During an emotional hearing in Courtroom 111 of D.C.’s Superior Court on Thursday, Feb. 8, Preston Randolph Logan, 43, pleaded guilty to the second-degree murder of Grafton Lee Person, a 42-year-old transgender woman who was known in the community as Diamond.
Logan killed Person in January in their shared Northwest apartment. In addition to pleading guilty, Logan waived his right to a jury trial.
Diamond Lee Person
The graphic police report detailing the murder of Person — Logan beat Person’s head with a hammer until she was unconscious, then choked her with a necktie, a nylon strap and, finally, a plastic bag — left her father, stepmother and sister in tears. Earline Budd, a friend of Person’s and drop-in center coordinator at Transgender Health Empowerment, left the courtroom sobbing.
”I was looking at him and I think my emotions erupted because I kept asking myself, ‘How could you do this?”’ says Budd. ”Especially when you’re claiming that this is someone that you loved, that you cared about.

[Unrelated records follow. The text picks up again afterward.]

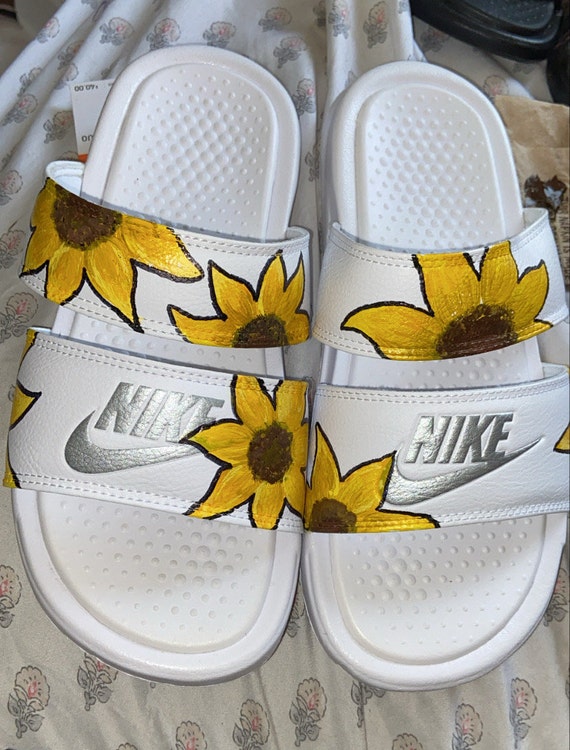 white sunflower nike slides
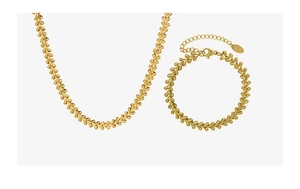 Close-up of golden leaf jewelry set with K18 gold purity hallmarks on white background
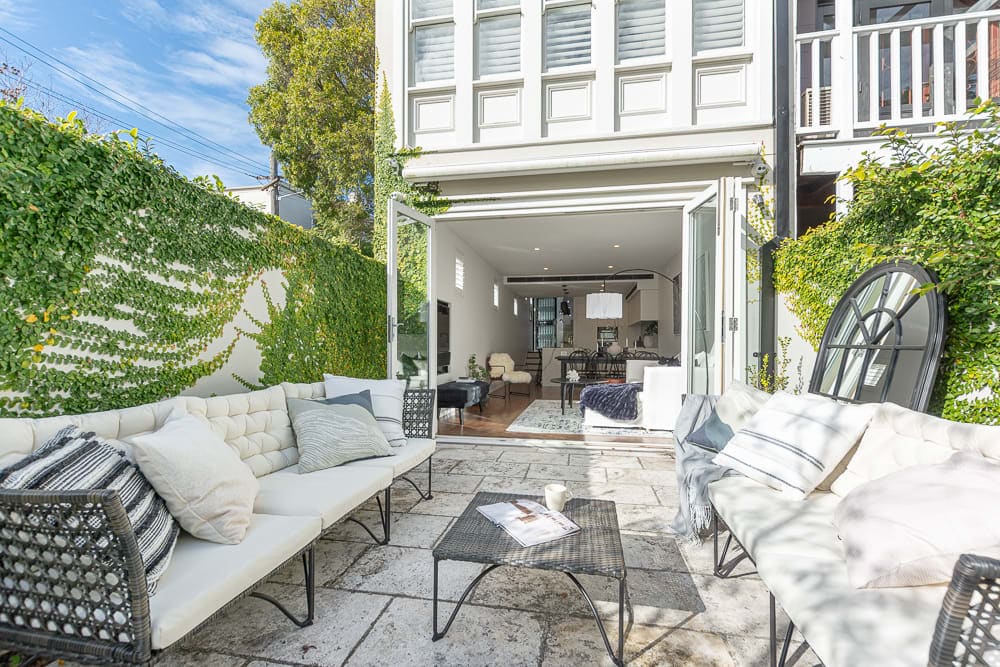 An outdoor seating area is presented with stylish white sofas arranged around a stone patio. Lush green foliage frames the space, providing a serene backdrop. Glass doors open to the interior, creating a seamless transition between indoor and outdoor living.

I don’t know what love has that kind of rage.”
Judge Wendell P. Gardner Jr. said he would announce his verdict on April 12. Logan faces a maximum sentence of 40 years.
During the hearing, Logan confirmed that his educational background was limited to the 11th grade, and that he is currently taking Zoloft, a prescription anti-depressant. He also answered ”Yes,” when asked by Gardner if he plans to use ”mental illness” as an explanation to what happened on Jan. 3, the day Logan says he smoked crack with Person, before an argument led to a physical battle and then her violent death.
It was also revealed during Gardner’s exchange with Logan, that Logan is not an American citizen, and that the verdict could include deportation, denied re-entry into the United States, denied naturalization and any combination of the preceding. It could not be confirmed by Metro Weekly‘s deadline from what country Logan originates.
Budd is not pleased with the plea offer.
”It’s frustrating to say the least,” she says. ”To think that someone could take the life of a human being and kill them … just to know that he could walk away with a lighter sentence is frustrating and confusing for me.”
Budd is also concerned with the defendant and judge’s references to Person as a male and a ”boyfriend,” which she suspects could be a part of the defense’s strategy to minimize Logan’s jail sentence. She believes that Logan’s defense is downplaying his own ”very dominant, male” role in the relationship, and casting Person as more of an aggressor.
”He’s making it look like he was the feminine role, and Diamond was the masculine role,” she says, ”which we clearly know was not true.”